Your task: Could you write out the listing below exactly as it stands, leaving out the pictures?

Entries provided:
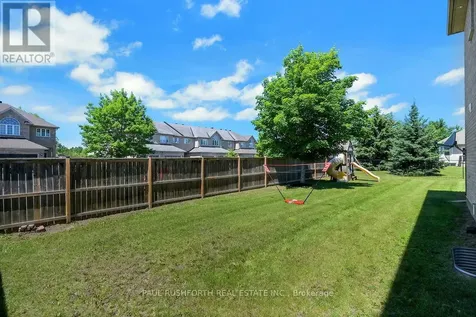 6829 Breanna Cardill Street Ottawa ON K4P 0C3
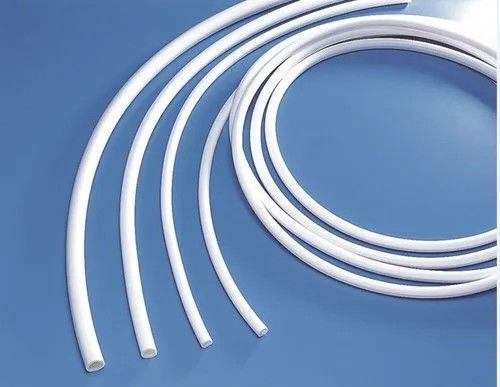 26 Kv/Mm غلاف أنابيب التيفلون PTFE غلاف قابلية للاشتعال VW-1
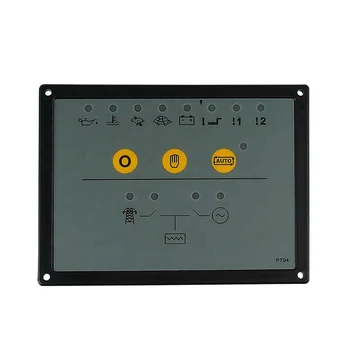 Модуль управления генератором DSE 704 Электронный контроллер DSE704
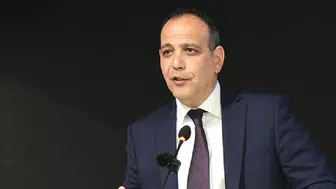 Lefkoşa'da Harmancı dönemi sürecek mi? Adaylık dosyası teslim edildi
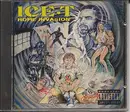 CD - Ice-T - Home Invasion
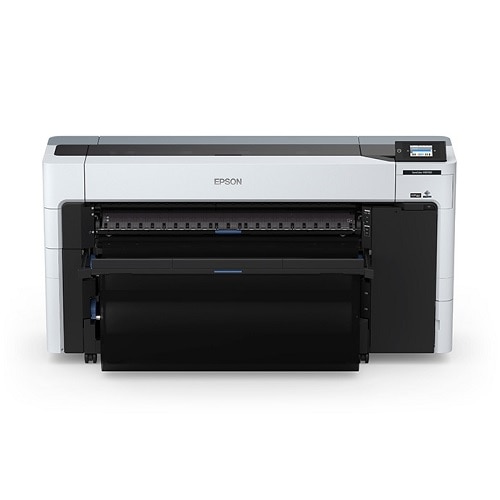 Epson SureColor P8570D PostScript Inkjet Large Format Printer - 44" Print Width - Color 5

Exercise answer:
 6829 Breanna Cardill Street Ottawa ON K4P 0C3
 26 Kv/Mm غلاف أنابيب التيفلون PTFE غلاف قابلية للاشتعال VW-1
 Модуль управления генератором DSE 704 Электронный контроллер DSE704
 Lefkoşa'da Harmancı dönemi sürecek mi? Adaylık dosyası teslim edildi
 CD - Ice-T - Home Invasion
 Epson SureColor P8570D PostScript Inkjet Large Format Printer - 44" Print Width - Color 5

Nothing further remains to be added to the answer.